Il ven 15 nov 2024, 22:15 Rob Landley <[email protected]> ha scritto:
> On 11/14/24 17:33, Paolo Bonzini wrote:
> > On 11/15/24 00:10, Rob Landley wrote:
> >> Seems a _bit_ awkward to do that (and potentially fail on a random new
> >> dependency) just to delete it all again?
> >
> > That's just how Make works.
>
> Linux and busybox and so on use make, and I've never seen "make clean"
> trigger a "make defconfig" there.
>
Yeah, they don't have a separate (and lengthy) configure phase.
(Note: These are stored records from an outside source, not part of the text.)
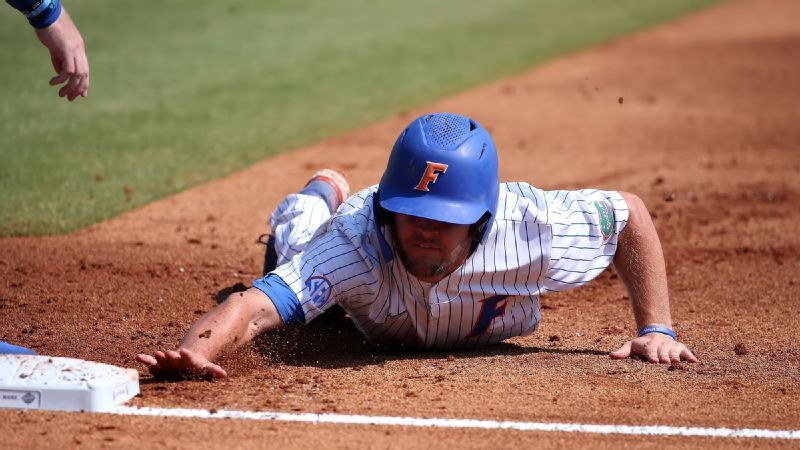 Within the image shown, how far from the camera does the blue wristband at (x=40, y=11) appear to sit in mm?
4137

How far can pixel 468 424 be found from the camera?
3643mm

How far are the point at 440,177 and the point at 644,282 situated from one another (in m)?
1.05

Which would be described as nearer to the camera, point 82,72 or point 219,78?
point 82,72

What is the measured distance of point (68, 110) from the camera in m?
9.77

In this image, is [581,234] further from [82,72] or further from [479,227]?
[82,72]

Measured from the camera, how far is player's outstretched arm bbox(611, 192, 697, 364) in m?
4.44

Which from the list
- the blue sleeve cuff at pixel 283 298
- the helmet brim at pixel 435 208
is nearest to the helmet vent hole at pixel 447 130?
the helmet brim at pixel 435 208

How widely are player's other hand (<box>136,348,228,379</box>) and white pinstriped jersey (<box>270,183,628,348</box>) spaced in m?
0.42

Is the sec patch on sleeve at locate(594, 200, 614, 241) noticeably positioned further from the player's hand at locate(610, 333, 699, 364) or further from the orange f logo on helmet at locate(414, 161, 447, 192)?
the orange f logo on helmet at locate(414, 161, 447, 192)

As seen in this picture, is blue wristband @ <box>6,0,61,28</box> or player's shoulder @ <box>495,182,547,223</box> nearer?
blue wristband @ <box>6,0,61,28</box>

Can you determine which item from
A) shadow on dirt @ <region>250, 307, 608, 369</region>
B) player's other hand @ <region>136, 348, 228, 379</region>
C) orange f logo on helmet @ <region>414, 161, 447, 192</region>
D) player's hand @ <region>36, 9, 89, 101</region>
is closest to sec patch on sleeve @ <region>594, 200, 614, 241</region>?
shadow on dirt @ <region>250, 307, 608, 369</region>

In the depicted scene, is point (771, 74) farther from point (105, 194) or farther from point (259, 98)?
point (105, 194)

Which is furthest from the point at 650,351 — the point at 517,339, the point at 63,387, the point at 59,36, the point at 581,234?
the point at 59,36

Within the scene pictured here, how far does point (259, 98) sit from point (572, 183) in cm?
374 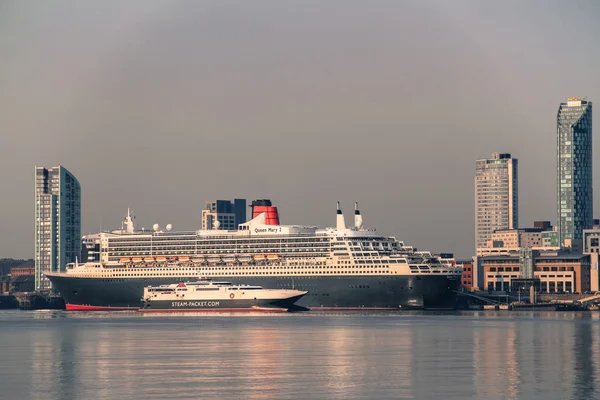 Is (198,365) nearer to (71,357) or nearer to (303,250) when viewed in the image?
(71,357)

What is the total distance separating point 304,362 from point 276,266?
9600cm

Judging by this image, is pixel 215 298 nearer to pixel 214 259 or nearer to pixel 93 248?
pixel 214 259

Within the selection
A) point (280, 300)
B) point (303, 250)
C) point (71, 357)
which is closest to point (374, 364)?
point (71, 357)

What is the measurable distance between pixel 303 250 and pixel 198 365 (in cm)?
9897

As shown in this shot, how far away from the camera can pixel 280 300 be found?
513 ft

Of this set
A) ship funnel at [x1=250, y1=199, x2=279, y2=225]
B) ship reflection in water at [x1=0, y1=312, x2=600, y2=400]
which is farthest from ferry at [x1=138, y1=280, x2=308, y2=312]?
ship reflection in water at [x1=0, y1=312, x2=600, y2=400]

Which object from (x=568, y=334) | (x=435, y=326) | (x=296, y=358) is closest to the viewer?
(x=296, y=358)

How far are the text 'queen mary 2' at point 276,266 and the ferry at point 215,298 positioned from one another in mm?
5474

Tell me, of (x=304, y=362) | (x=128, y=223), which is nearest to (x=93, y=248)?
(x=128, y=223)

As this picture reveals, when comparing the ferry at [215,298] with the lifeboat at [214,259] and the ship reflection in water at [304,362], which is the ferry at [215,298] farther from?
the ship reflection in water at [304,362]

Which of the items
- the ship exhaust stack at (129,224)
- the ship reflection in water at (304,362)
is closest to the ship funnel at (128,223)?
the ship exhaust stack at (129,224)

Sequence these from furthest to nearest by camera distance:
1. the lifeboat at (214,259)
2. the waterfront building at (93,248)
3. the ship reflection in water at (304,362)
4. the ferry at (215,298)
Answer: the waterfront building at (93,248) < the lifeboat at (214,259) < the ferry at (215,298) < the ship reflection in water at (304,362)

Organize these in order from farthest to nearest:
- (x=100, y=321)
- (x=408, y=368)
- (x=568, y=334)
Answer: (x=100, y=321) < (x=568, y=334) < (x=408, y=368)

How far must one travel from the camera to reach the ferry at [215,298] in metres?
156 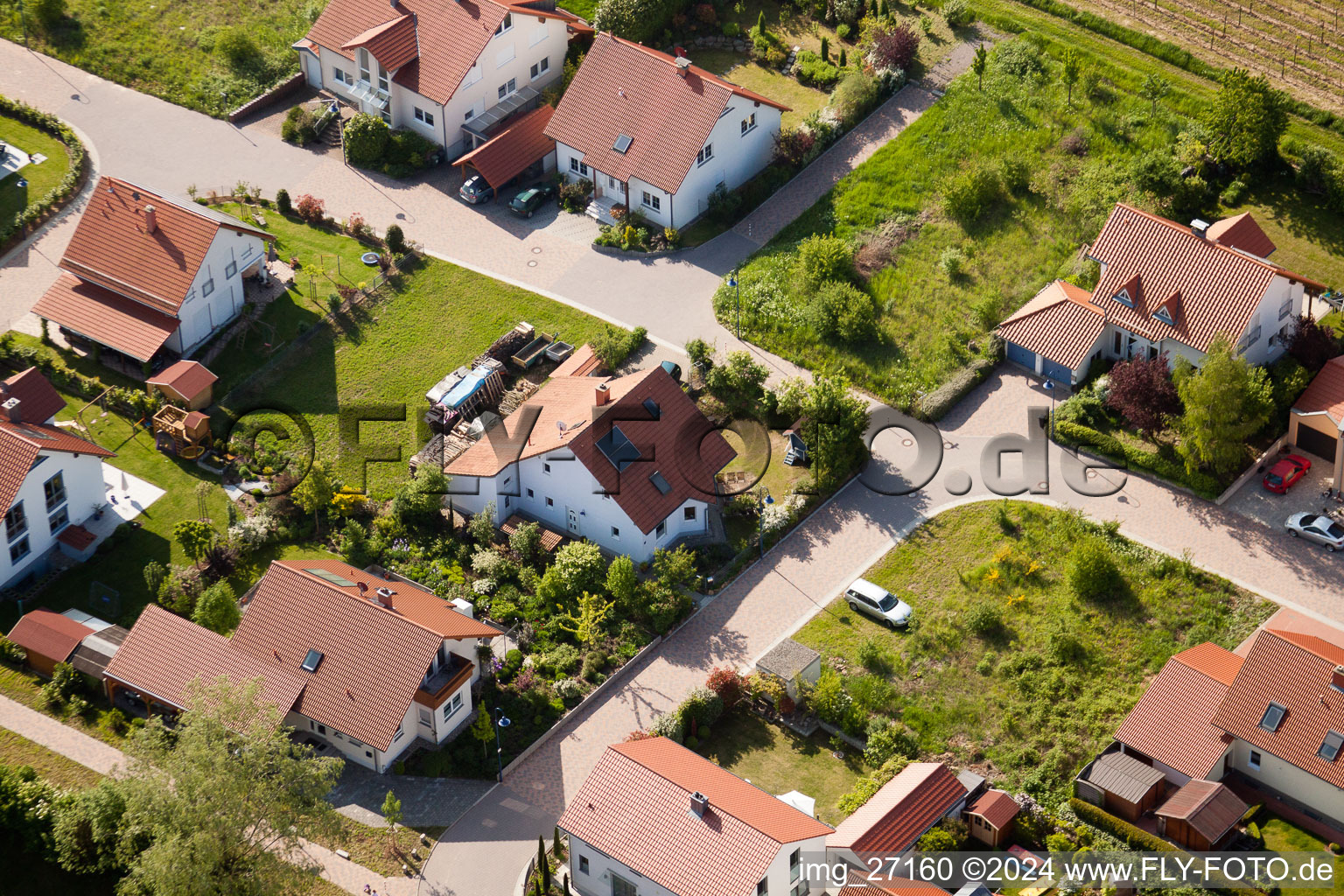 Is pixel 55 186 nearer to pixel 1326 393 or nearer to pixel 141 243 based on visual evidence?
pixel 141 243

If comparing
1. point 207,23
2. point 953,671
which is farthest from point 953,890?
point 207,23


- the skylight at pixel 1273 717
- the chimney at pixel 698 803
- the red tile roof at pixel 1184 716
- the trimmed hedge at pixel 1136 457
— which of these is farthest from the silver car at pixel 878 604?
the skylight at pixel 1273 717

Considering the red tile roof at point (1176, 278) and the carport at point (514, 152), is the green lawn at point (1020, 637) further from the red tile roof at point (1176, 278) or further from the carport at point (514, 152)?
the carport at point (514, 152)

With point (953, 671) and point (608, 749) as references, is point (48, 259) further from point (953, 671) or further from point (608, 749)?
point (953, 671)

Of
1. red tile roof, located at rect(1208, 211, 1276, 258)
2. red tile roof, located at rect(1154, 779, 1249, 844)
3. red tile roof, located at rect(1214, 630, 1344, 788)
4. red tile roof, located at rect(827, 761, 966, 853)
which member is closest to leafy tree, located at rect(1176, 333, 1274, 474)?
Answer: red tile roof, located at rect(1208, 211, 1276, 258)

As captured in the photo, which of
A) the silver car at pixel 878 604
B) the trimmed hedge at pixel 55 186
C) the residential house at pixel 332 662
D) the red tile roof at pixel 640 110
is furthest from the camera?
the trimmed hedge at pixel 55 186

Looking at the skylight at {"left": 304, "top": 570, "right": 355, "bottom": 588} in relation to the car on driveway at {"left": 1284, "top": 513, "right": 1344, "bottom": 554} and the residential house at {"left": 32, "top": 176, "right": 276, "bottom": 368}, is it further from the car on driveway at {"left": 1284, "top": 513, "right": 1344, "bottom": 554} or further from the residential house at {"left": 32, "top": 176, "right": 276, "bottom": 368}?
the car on driveway at {"left": 1284, "top": 513, "right": 1344, "bottom": 554}

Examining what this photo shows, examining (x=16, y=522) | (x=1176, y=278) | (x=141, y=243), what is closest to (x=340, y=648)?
(x=16, y=522) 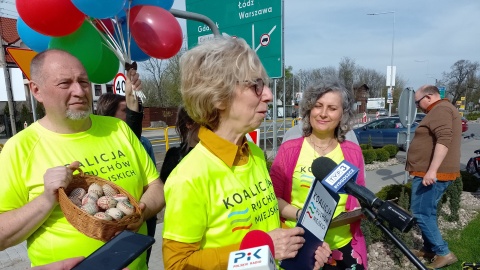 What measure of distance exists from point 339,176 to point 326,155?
1.16m

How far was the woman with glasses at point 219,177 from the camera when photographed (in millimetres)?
1264

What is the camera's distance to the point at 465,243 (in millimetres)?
4441

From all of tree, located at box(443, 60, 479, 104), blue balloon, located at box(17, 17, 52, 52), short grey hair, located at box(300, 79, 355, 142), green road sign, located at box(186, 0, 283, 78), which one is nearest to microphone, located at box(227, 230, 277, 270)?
short grey hair, located at box(300, 79, 355, 142)

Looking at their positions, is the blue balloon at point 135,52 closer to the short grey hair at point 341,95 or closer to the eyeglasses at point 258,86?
the short grey hair at point 341,95

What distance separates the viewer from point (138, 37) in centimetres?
290

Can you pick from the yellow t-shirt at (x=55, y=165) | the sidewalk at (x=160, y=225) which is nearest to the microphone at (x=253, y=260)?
the yellow t-shirt at (x=55, y=165)

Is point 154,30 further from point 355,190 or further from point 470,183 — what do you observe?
point 470,183

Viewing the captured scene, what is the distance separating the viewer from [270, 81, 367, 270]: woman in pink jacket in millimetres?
2277

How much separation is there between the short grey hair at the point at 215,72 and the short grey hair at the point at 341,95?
1135 mm

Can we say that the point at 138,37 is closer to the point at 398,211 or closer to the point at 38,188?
the point at 38,188

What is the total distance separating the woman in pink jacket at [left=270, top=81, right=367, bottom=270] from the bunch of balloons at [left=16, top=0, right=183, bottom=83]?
4.64 ft

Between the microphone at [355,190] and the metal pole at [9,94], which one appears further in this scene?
the metal pole at [9,94]

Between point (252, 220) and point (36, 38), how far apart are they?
2637mm

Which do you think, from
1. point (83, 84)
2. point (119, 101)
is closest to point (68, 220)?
point (83, 84) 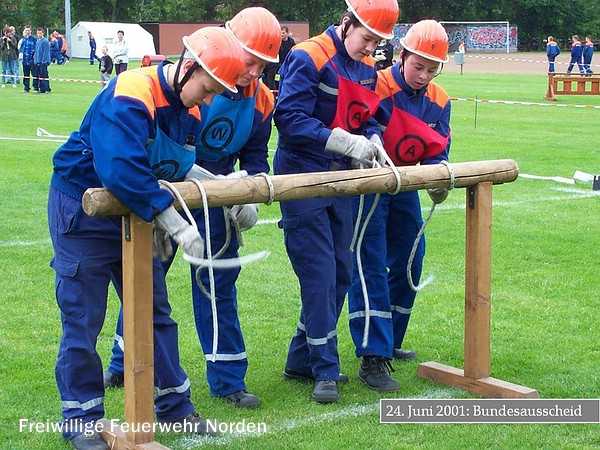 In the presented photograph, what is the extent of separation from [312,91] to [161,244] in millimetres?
1308

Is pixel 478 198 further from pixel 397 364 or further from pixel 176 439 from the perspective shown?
pixel 176 439

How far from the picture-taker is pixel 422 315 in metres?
7.17

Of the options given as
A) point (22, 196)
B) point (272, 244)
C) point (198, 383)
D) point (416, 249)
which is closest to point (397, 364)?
point (416, 249)

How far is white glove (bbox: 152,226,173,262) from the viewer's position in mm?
4625

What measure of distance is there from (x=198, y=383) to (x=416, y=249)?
1511mm

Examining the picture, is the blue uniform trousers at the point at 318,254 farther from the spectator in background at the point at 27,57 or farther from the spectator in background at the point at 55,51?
the spectator in background at the point at 55,51

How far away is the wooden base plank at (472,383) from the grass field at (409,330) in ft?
0.21

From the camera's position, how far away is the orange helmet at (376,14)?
209 inches

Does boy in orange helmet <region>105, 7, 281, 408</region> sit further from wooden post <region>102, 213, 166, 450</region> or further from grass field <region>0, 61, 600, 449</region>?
wooden post <region>102, 213, 166, 450</region>

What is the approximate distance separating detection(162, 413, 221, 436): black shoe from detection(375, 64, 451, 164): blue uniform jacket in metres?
2.05

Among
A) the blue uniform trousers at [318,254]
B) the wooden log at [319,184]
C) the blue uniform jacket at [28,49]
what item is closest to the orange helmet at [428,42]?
the wooden log at [319,184]

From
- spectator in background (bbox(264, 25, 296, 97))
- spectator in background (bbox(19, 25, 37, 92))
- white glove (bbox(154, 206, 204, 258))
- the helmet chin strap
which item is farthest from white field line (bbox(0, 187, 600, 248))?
spectator in background (bbox(19, 25, 37, 92))

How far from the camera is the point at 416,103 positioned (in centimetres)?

But they
might invoke some rules in a more hidden way if something changes in
scripts/. I don't know, Kbuild is black magic.
(Or do you mean "Make" is different from "gmake" the way "kbuild" is
> different from "make" and you distinguish your build system from the
> make command by capitalizing it?
No, I meant "any implementation of the POSIX utility".
> If it finds that Makefile is old, it first
> > regenerates Makefile and only then looks at the target.
>
> I'm pretty sure the make command doesn't internally know how to run the
> configure script, the Makefile would have to include plumbing to make
> that decision
It does, the chain is config-host.mak <- configure. The special processing
of Makefiles extends to all includes ("all Makefiles" in the GNU manual).
and it at least LOOKS like it's trying not to in the top level Makefile
> line 336:
>
> # Don't try to regenerate Makefile or configure
> # We don't generate any of them
> Makefile: ;
> configure: ;
>
Makefile and configure are not generated but other included files are. Most
likely the one you're hitting is config-host.mak..
I note that if you run "make clean" twice in a row, it doesn't re-run
> configure in between. It's only when a stale target exists, which seems
> to involve dependencies making a decision.
... and the second time, it is not stale anymore.
(The file NOT existing doesn't trigger action, but the file being "old"
> does.)
>
config-host.mak is only cleaned by distclean, not clean.
So it's an artifact of the way you're using make, and hard to fix then?
>
Maybe not too hard, I suppose one could strip the includes if make goals
are only of the form %clean.
Paolo
*shrug* I'd use 'git clean -fdx' instead but I'm not sure how that
> interacts with multiple submodules.